Task to complete: Would you transcribe the entries below, beginning at the line with "CSR Banner image - KKP Image" and ending after the line with "Lords of Nature: Life", exactly, with no picture and nothing more?

(Captioned web image data)
━━━━

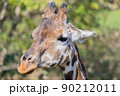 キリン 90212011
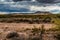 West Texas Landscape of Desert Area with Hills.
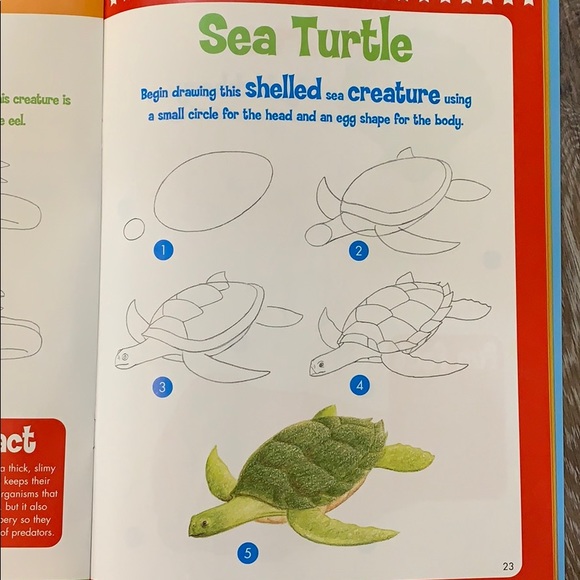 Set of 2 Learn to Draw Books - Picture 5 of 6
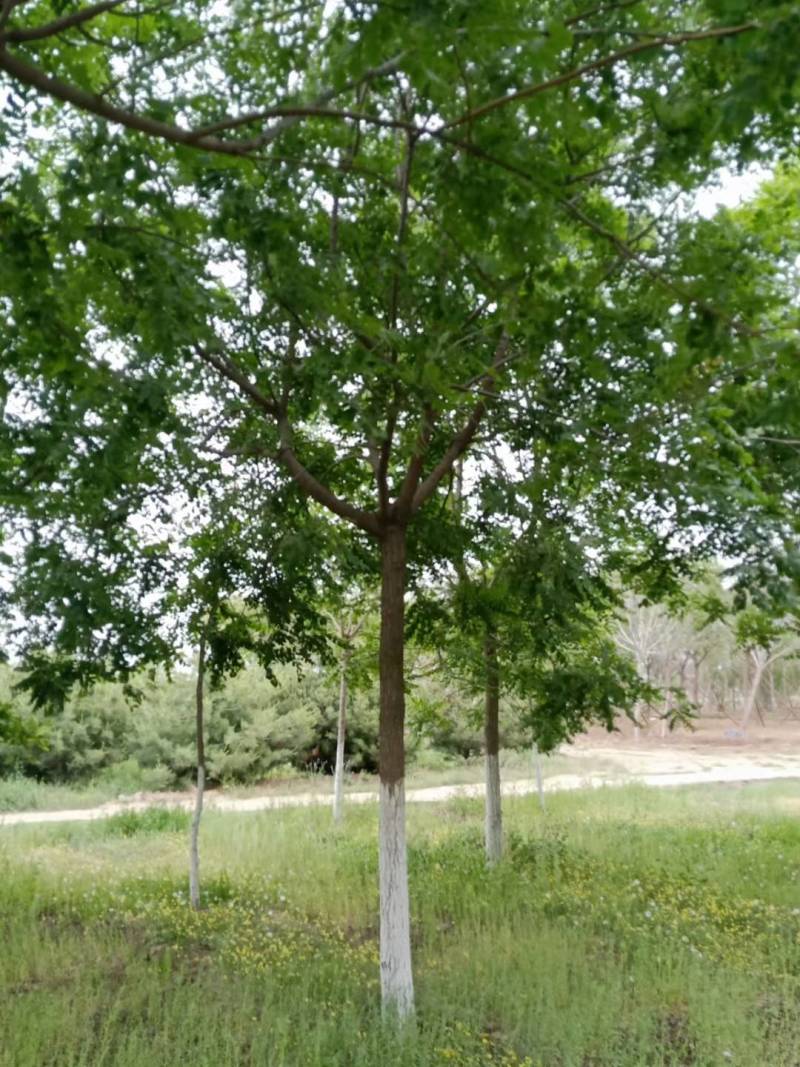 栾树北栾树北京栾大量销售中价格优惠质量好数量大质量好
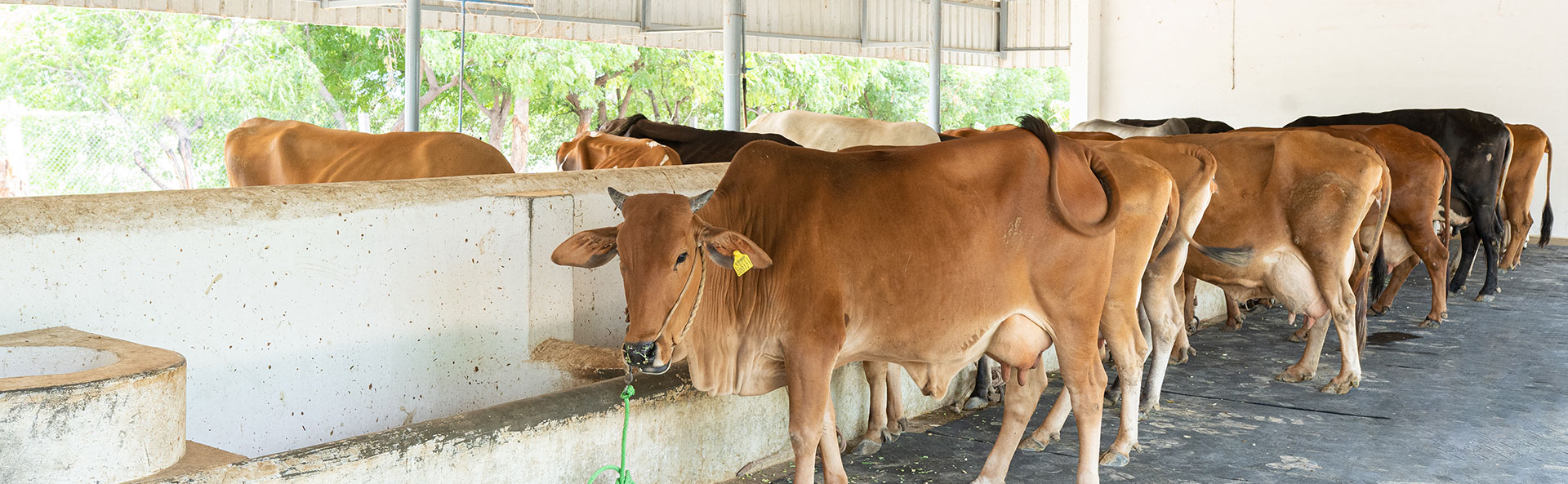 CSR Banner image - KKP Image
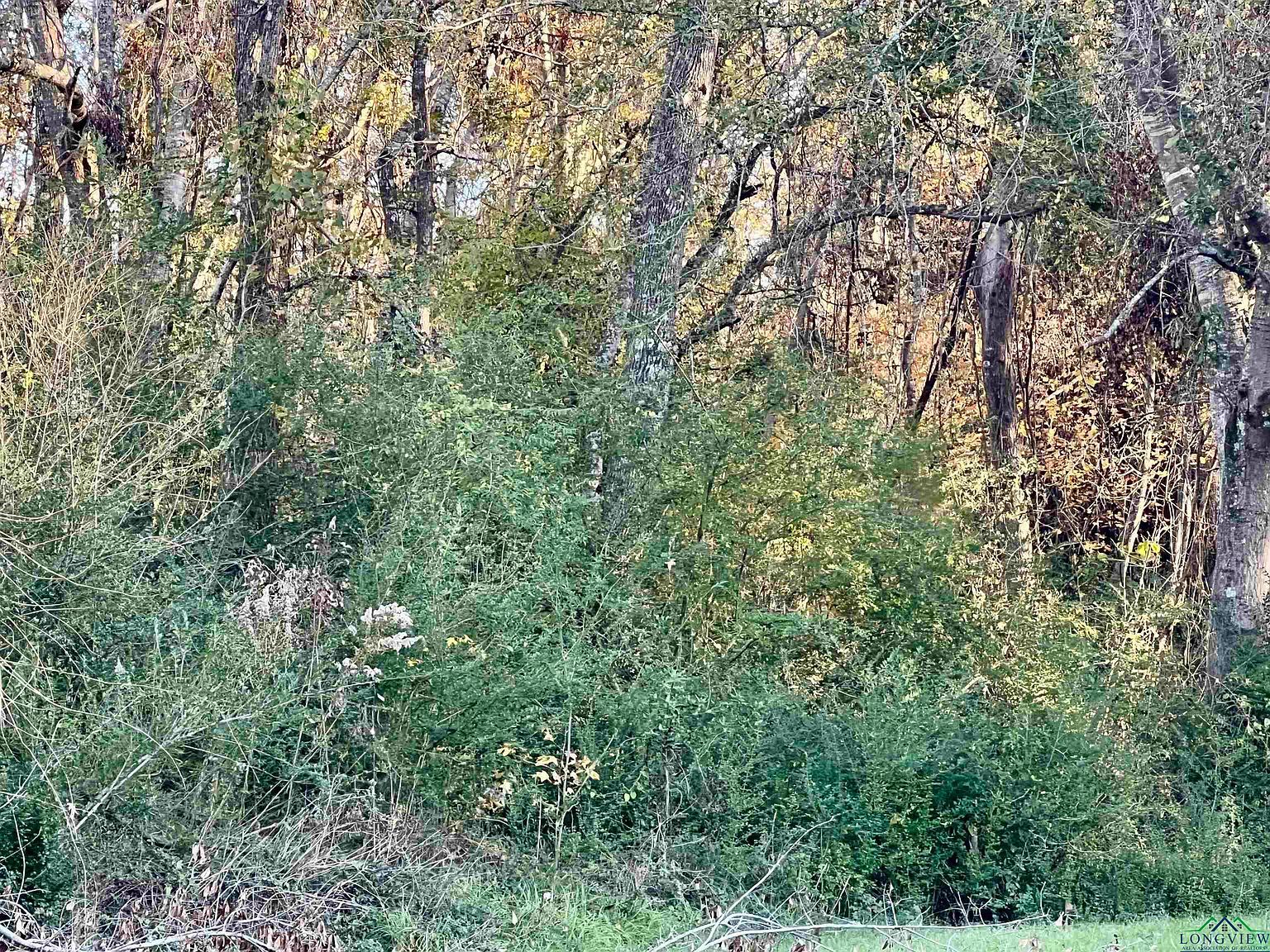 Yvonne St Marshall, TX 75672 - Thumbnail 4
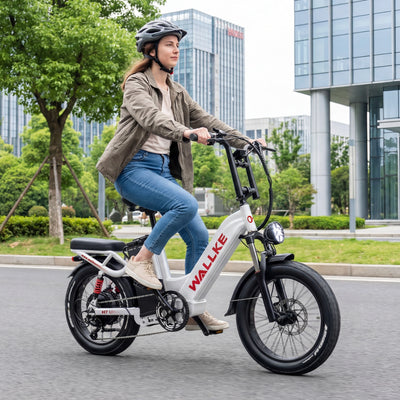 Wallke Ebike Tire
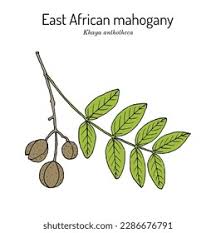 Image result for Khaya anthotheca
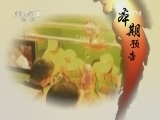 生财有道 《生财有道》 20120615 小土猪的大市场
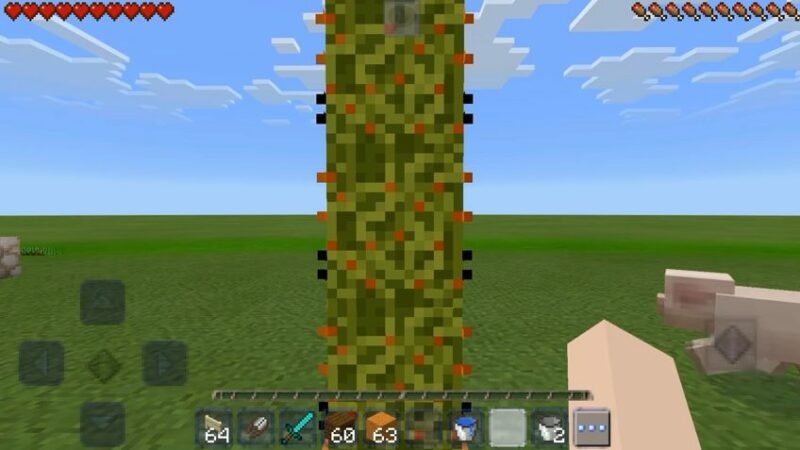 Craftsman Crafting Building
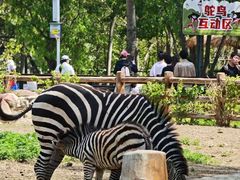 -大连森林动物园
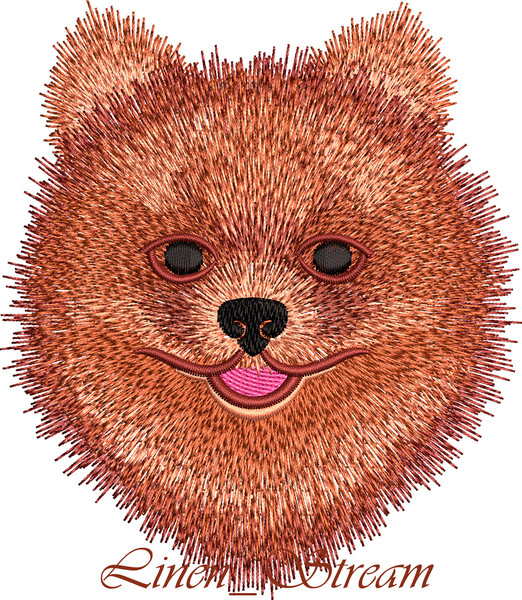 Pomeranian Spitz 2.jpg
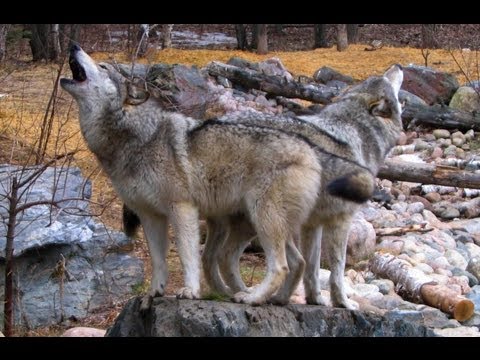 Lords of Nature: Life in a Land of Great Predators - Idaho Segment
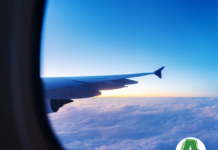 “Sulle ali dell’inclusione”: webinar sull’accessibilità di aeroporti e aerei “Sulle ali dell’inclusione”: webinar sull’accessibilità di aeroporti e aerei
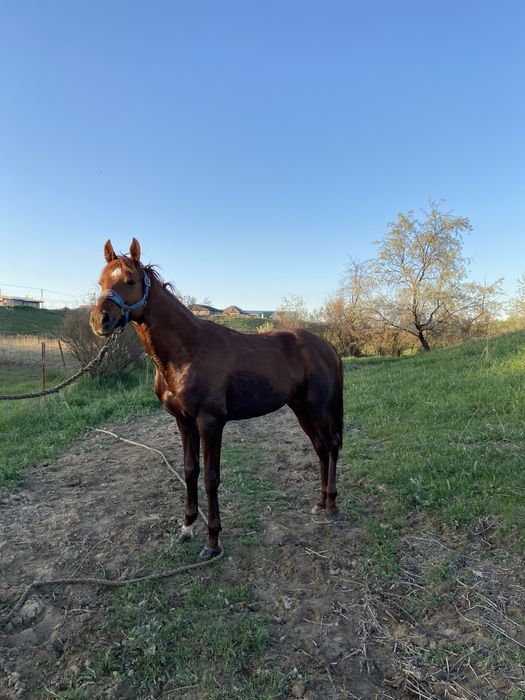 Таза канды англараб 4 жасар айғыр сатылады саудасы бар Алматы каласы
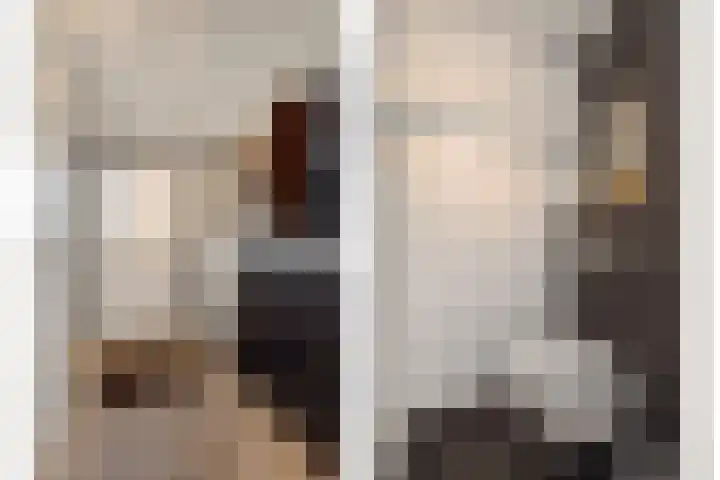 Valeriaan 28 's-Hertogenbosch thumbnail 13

━━━━

Result:
 CSR Banner image - KKP Image
 Yvonne St Marshall, TX 75672 - Thumbnail 4
 Wallke Ebike Tire
 Image result for Khaya anthotheca
 生财有道 《生财有道》 20120615 小土猪的大市场
 Craftsman Crafting Building
 -大连森林动物园
 Pomeranian Spitz 2.jpg
 Lords of Nature: Life in a Land of Great Predators - Idaho Segment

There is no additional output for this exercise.